Deutsche Woche und Folklore – Alles deutsch! Alles deutsch?

Die Deutsche Woche in Almaty neigt sich dem Ende zu und damit ein ansehnliches und vollgespicktes Programm rund um deutsch-kasachische Themen. Ein näherer Blick auf das „Volksfest 2015“ in Almaty.

Die Deutsche Woche in Almaty neigt sich dem Ende zu und damit ein ansehnliches und vollgespicktes Programm rund um deutsch-kasachische Themen. Ein näherer Blick auf das „Volksfest 2015“ in Almaty (Deutsche Allgemeine Zeitung vom 9. Oktober 2015).

Man kann sehr zuversichtlich sagen, dass die auf zehn Tage ausgedehnte „Deutsche Woche“ bisher sehr erfolgreich verlief. Im spätsommerlich anmutenden Almaty konnte man in den letzten Tagen vermehrt auf Dirndl und andere Trachten treffen, aber auch vielen anderen angereisten Gästen aus Politik und Gesellschaft begegnen. Ein meist zahlreiches, vielfältiges und sehr interessiertes Publikum genoss festliche Feierlichkeiten, Ausstellungseröffnungen, Theateraufführungen, Tanz– und Gesangsaufführungen, Filmvorführungen, Lesungen, Vorträge, Workshops und Diskussionen unter der Schirmherrschaft zahlreicher deutsch-kasachischer Institutionen.

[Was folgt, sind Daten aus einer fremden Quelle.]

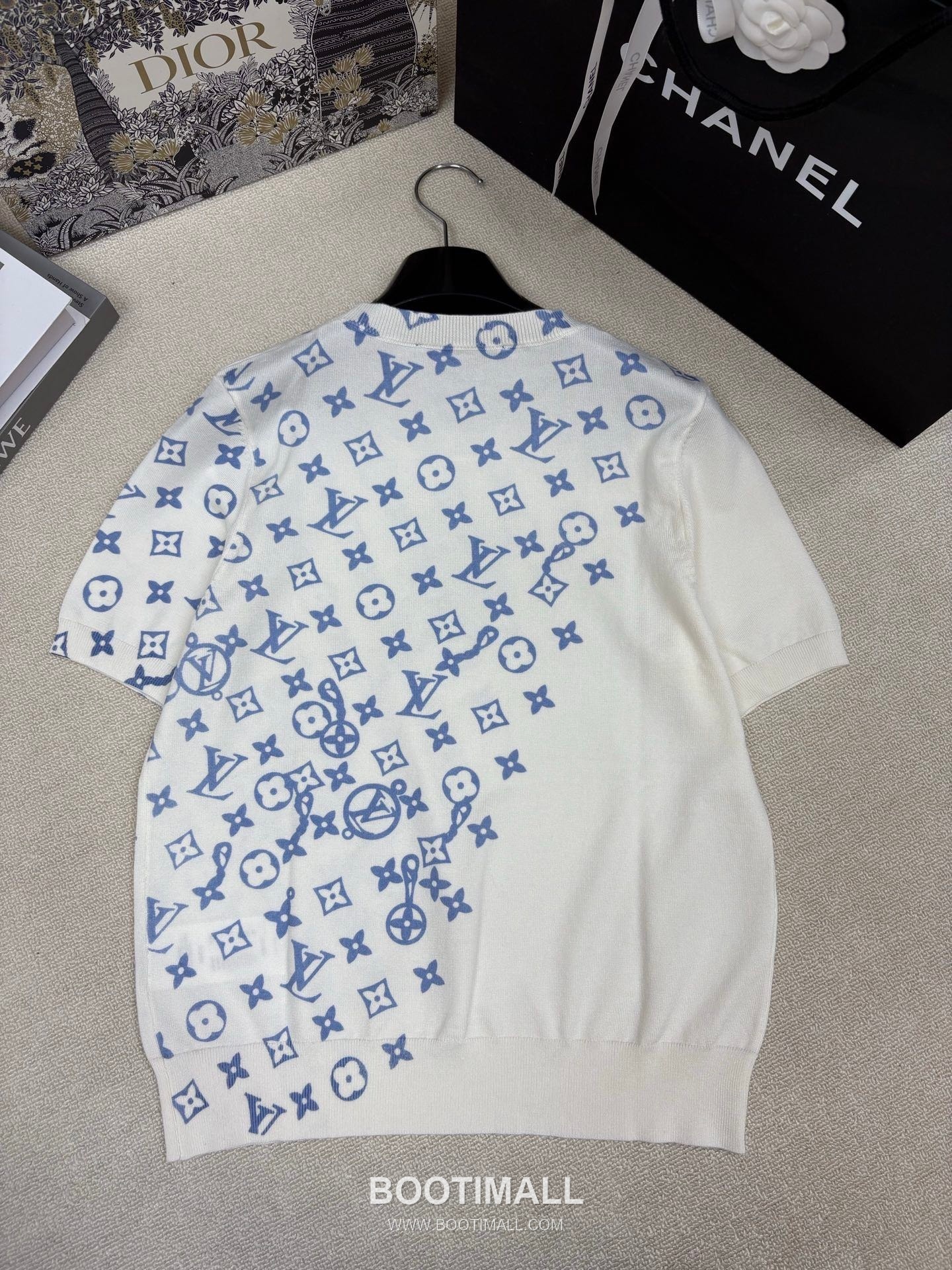 디올 2026SS 실크혼방 하프컬러 로고프린트 레귤러핏 반팔 니트 Dior 2026 SS Silk Blend Half Color Logo Print Regular Fit Short Sleeve Knit 10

Mit der Fotoausstellung „Manufakturen in Deutschalnd“ eröffnete die „Deutsche Woche“ offiziell in schönen Räumlichkeiten des Kastejew-Museums. Eine durchaus interessante Thematik zur der etwas anderen staatlichen, deutschen „Kulturarbeit“, die durch wirtschaftliche Unterstützung von kleinen und mittelständischen Traditionsunternehmen erfolgt. Anastassija Taukelowas Fotografien erzählen über die Aufrechterhaltung solcher Handwerkstraditionen in Deutschland. Viele weitere Veranstaltungen und Feierlichkeiten sollten folgen, wie etwa die Feiern an den linguistischen Gymnasien, die Veranstaltungen der Institutionen wie DAAD, Friedrich-Ebert-Stiftung oder Goethe-Institut, verschiedene wissenschaftliche Foren von Wirtschaftsvertretern, Konferenzen an Universitäten, wie auch innerhalb der „Vereinigung deutscher Wissenschaftler“. Einige dieser Veranstaltungen werden teilweise in kommenden Ausgaben der DAZ retrospektiv beleuchtet. So auch das Folklorefestival im Folgenden.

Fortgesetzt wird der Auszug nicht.